‘Lokale bestuurders ontsnappen nooit aan de werkelijkheid’
Wat ziet u als uw belangrijkste taak bij de VNG?
Eigenlijk vind ik dat vooral ‘het verbinden’. De directieraad heeft als taak het bestuur van de vereniging met de leden en de organisatie te verbinden. Je bent echter ook de schakel tussen het bestuur van de vereniging en het kabinet. Daarnaast moet je het boegbeeld zijn. Zeker na alle decentralisaties is het mijn taak de verbinding te maken met allerlei landelijke organisaties, waarvan de leden ook weer moeten samenwerken met gemeenten.’
Op welke manier worden de belangen van zowel grote als kleine gemeenten door de VNG vertegenwoordigd?
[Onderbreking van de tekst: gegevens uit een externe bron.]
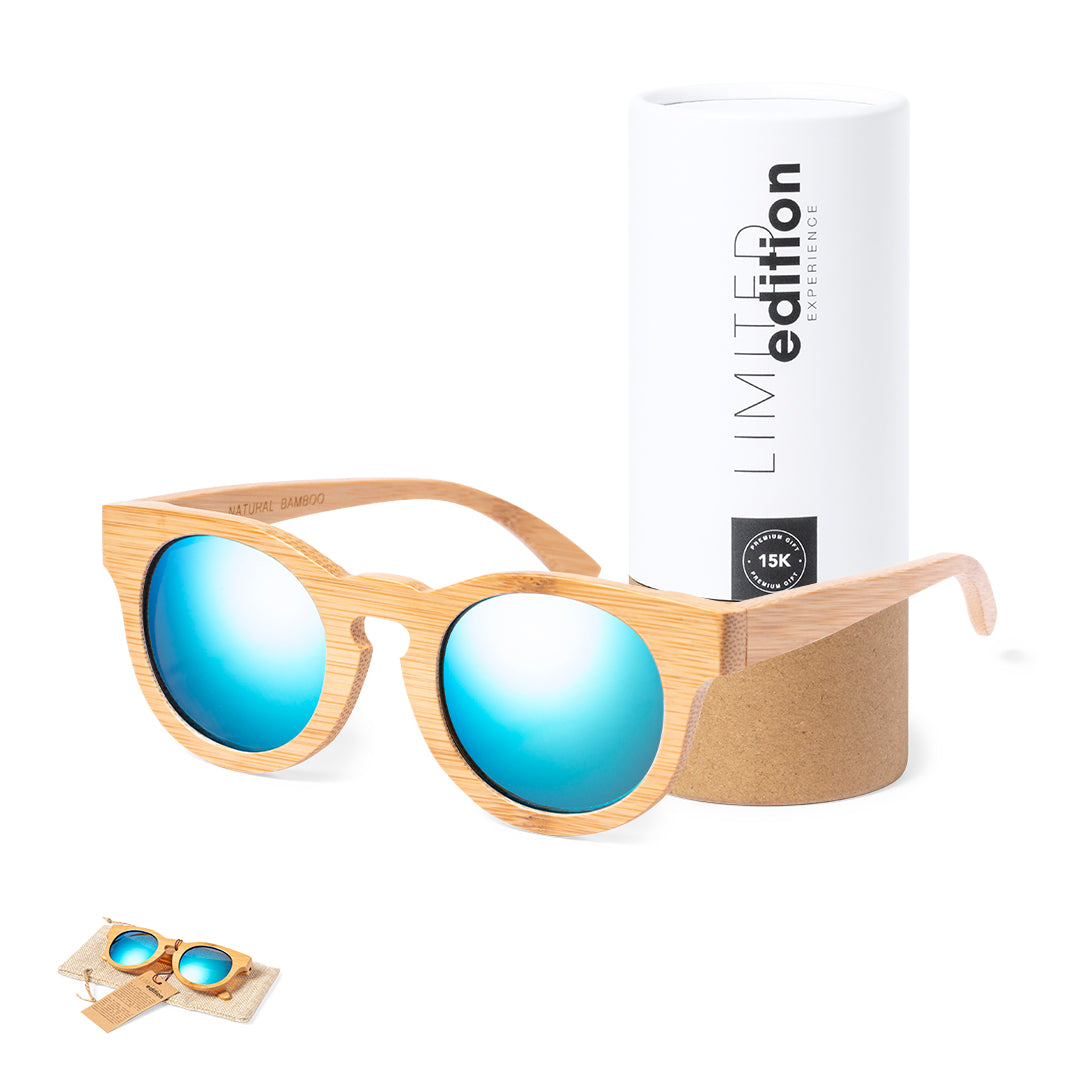 Óculos de Sol Exclusivos Limited Edition em Bambu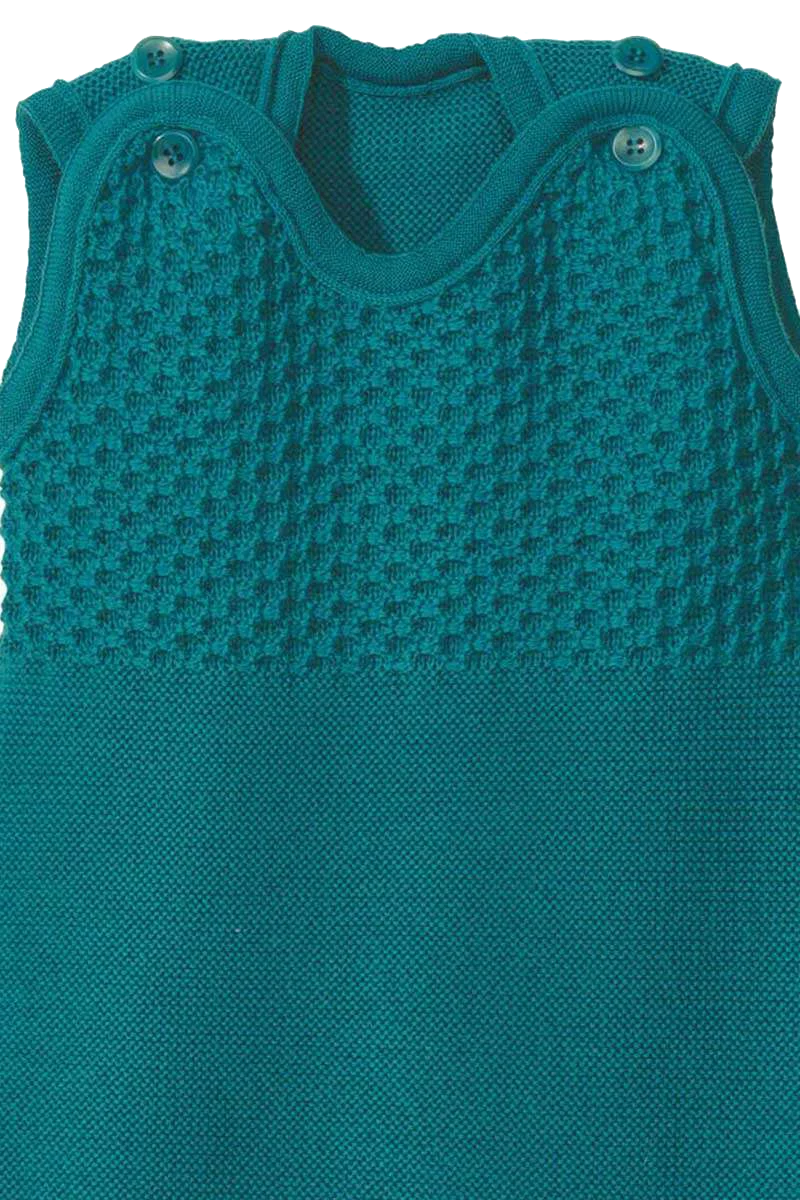 Baby Träger-Schlafsack Bio-Schurwolle GOTS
Naarmate de decentralisaties doorzetten, worden de overeenkomsten tussen grote en kleine gemeenten groter dan de verschillen. We zijn weliswaar verschillend, maar dat bindt ons als gemeenten. Kleinere gemeenten kunnen heel veel van grote gemeenten leren, maar andersom ook.
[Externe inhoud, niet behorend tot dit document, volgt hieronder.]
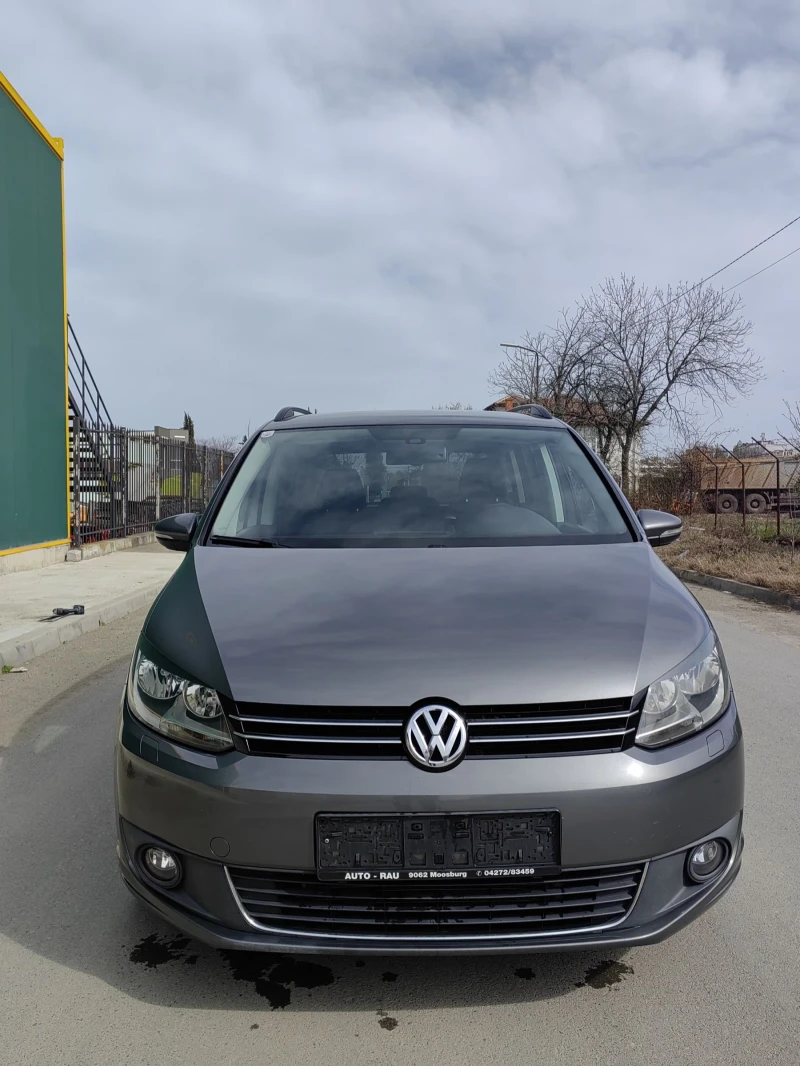 VW Touran 2.0тди 140кс автомат, снимка 2 - Автомобили и джипове - 49420658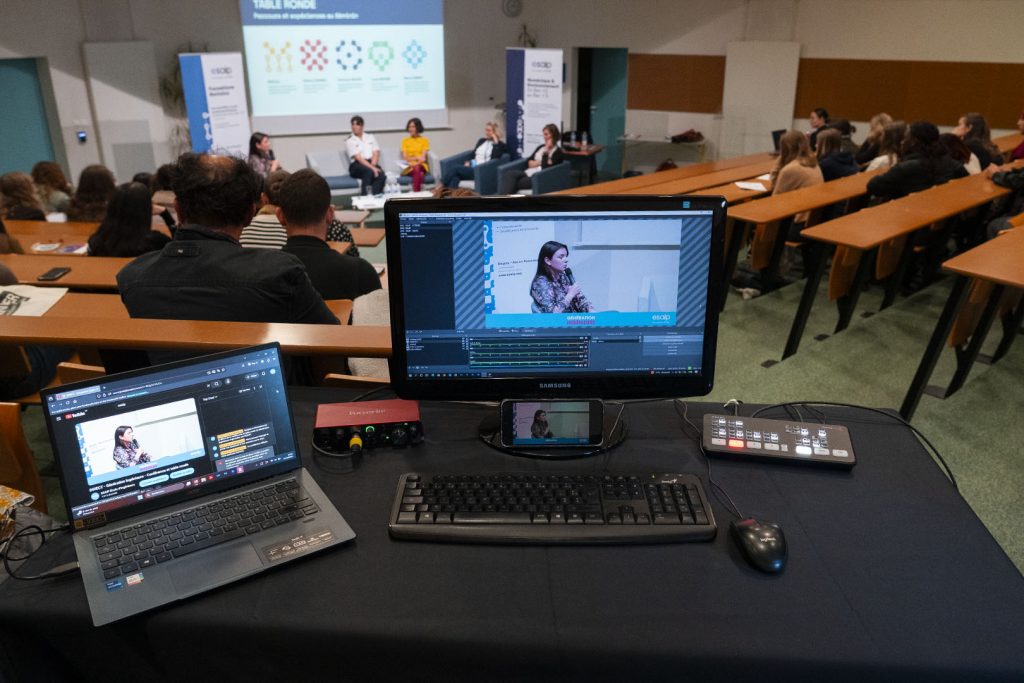 Captation live streaming à Angers, retransmission vidéo en direct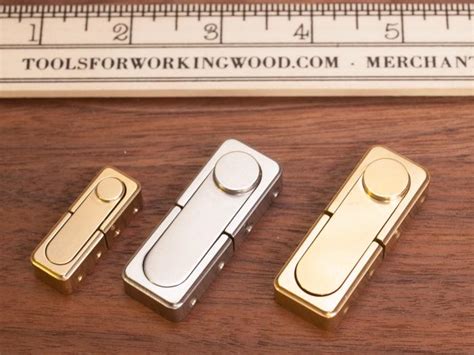 Small Wood Box Latches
De gemeenten hebben er sinds 1 januari van dit jaar nieuwe taken bijgekregen, maar het moet gebeuren met minder budget. Hoe?
De gemeenten hebben budget gekregen om zorg op maat te organiseren, dicht bij de mensen. Er wordt heel vaak gezegd dat er taken zijn overgedragen en bijgekomen. Maar we doen het per definitie niet op de manier waarop het in de afgelopen jaren altijd is gebeurd. Dat is namelijk niet altijd handig gebleken. De oude manier was verkokerd en leidde tot heel veel bureaucratie. Gemeenten proberen het nu zo te organiseren dat je het niet steeds hebt over huishoudelijke hulp, begeleiding, dagbesteding of persoonlijke verzorging. De eenvoudige vraag luidt: wat hebt ú nodig aan ondersteuning? Dat kan een deel huishoudelijke hulp zijn of in de medische sfeer een deel verpleging. Het gaat erom dat mensen zo lang mogelijk thuis kunnen blijven wonen.
‘Als landelijk bestuurder kun je je verschuilen achter mooie nota’s en plannen, als lokaal bestuurder kom je mensen gewoon tegen op de markt’
Als je de nieuwe manier van werken van de gemeenten bekijkt hoe voorkom je dan toch weer al die bureaucratie?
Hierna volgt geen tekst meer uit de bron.